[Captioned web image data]
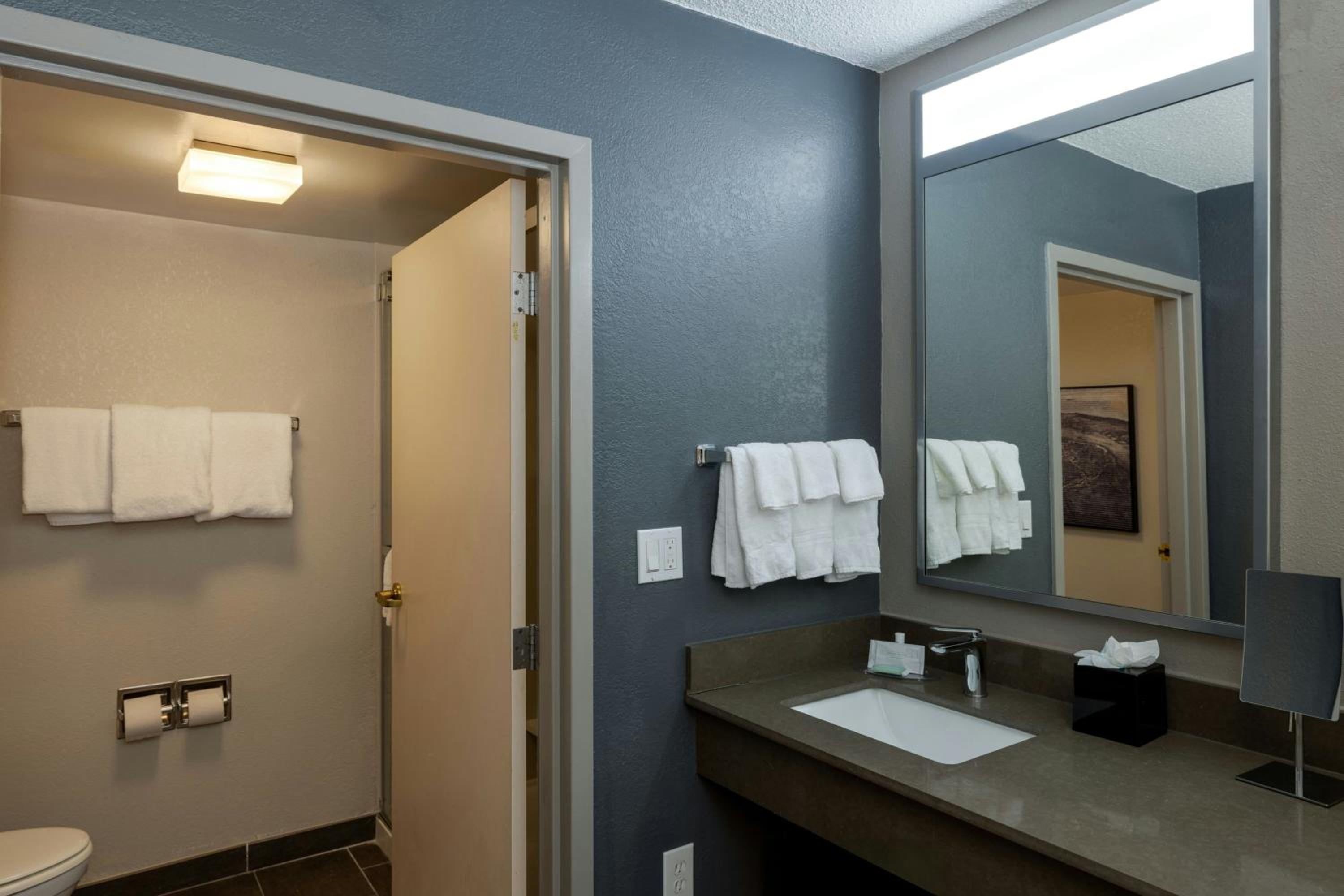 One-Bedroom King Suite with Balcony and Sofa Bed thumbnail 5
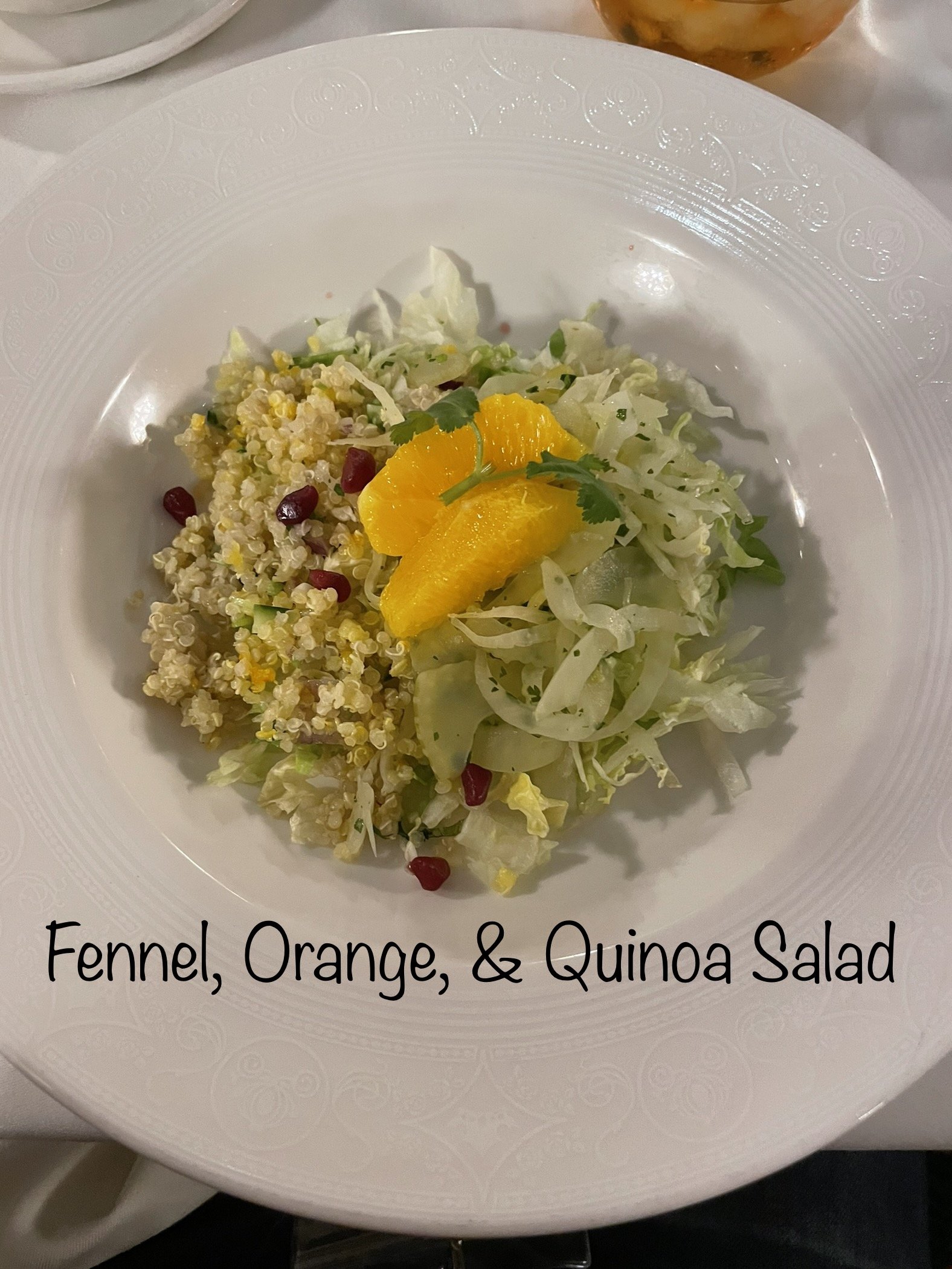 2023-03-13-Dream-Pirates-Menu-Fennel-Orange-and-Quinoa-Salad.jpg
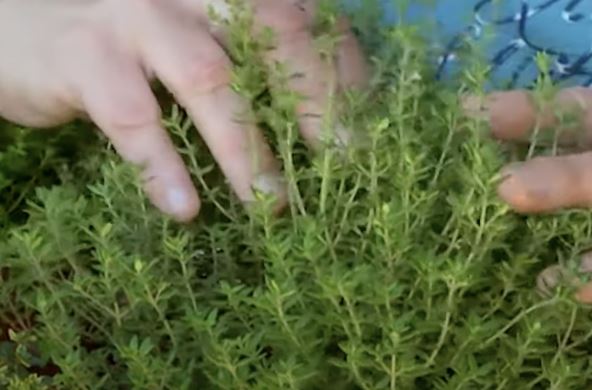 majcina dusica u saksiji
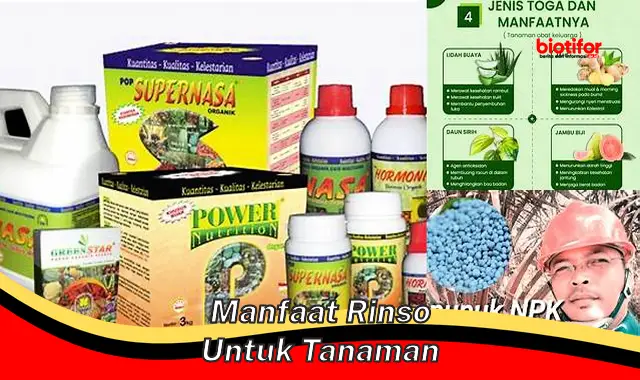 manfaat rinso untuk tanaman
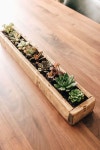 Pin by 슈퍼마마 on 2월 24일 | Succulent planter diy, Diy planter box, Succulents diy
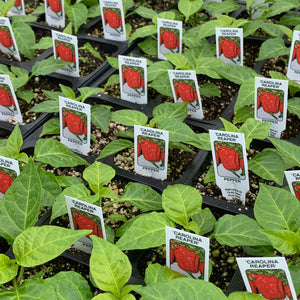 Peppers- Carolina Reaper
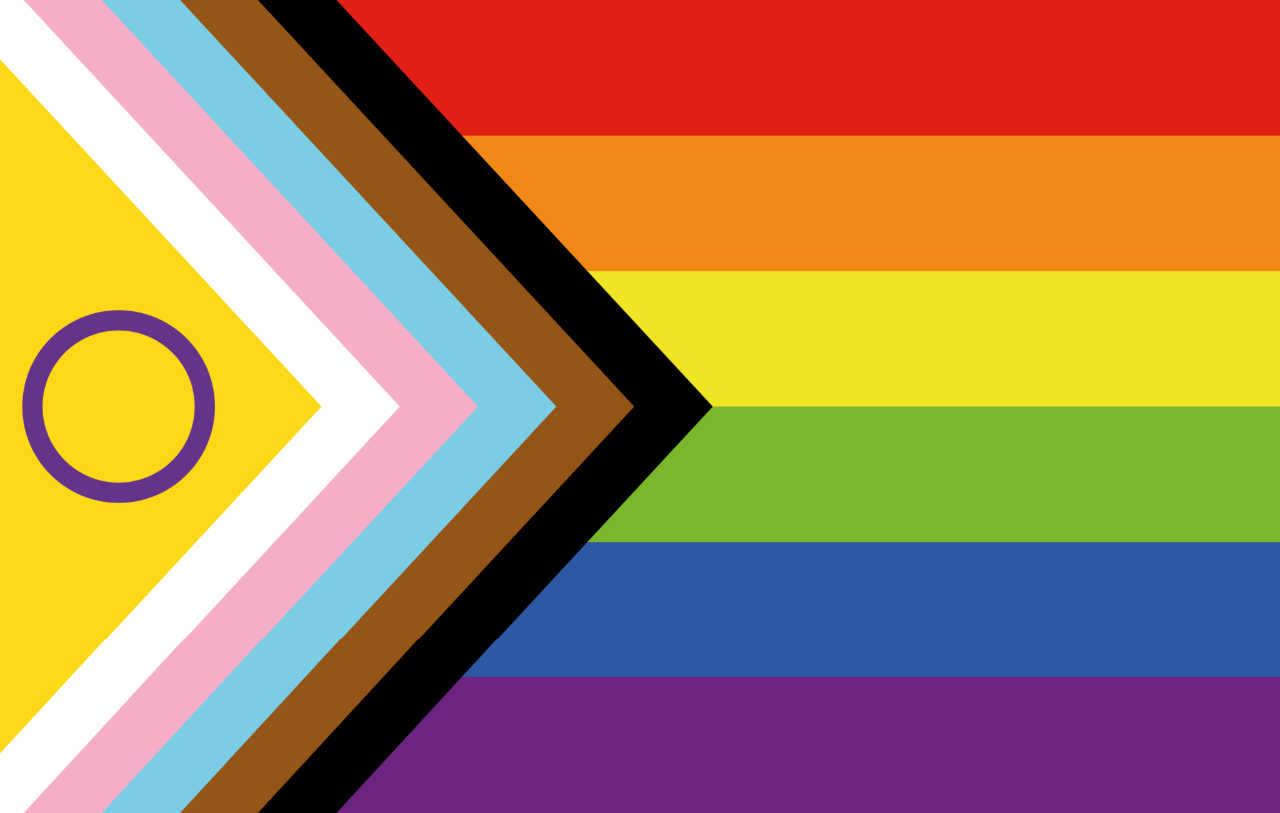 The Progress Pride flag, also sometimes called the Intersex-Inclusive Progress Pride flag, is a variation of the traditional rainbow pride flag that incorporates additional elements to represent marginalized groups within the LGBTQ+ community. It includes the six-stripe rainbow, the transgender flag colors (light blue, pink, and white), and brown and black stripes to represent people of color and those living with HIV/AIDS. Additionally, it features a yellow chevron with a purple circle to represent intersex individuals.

▸ **Task**
Using the entries above, transcribe every line from the line containing "2023-03-13-Dream-Pirates-Menu-Fennel-Orange-and-Quinoa-Salad.jpg" through the line containing "Peppers- Carolina Reaper". Do not copy pictures.

▸ **Solution to this problem**
 2023-03-13-Dream-Pirates-Menu-Fennel-Orange-and-Quinoa-Salad.jpg
 majcina dusica u saksiji
 manfaat rinso untuk tanaman
 Pin by 슈퍼마마 on 2월 24일 | Succulent planter diy, Diy planter box, Succulents diy
 Peppers- Carolina Reaper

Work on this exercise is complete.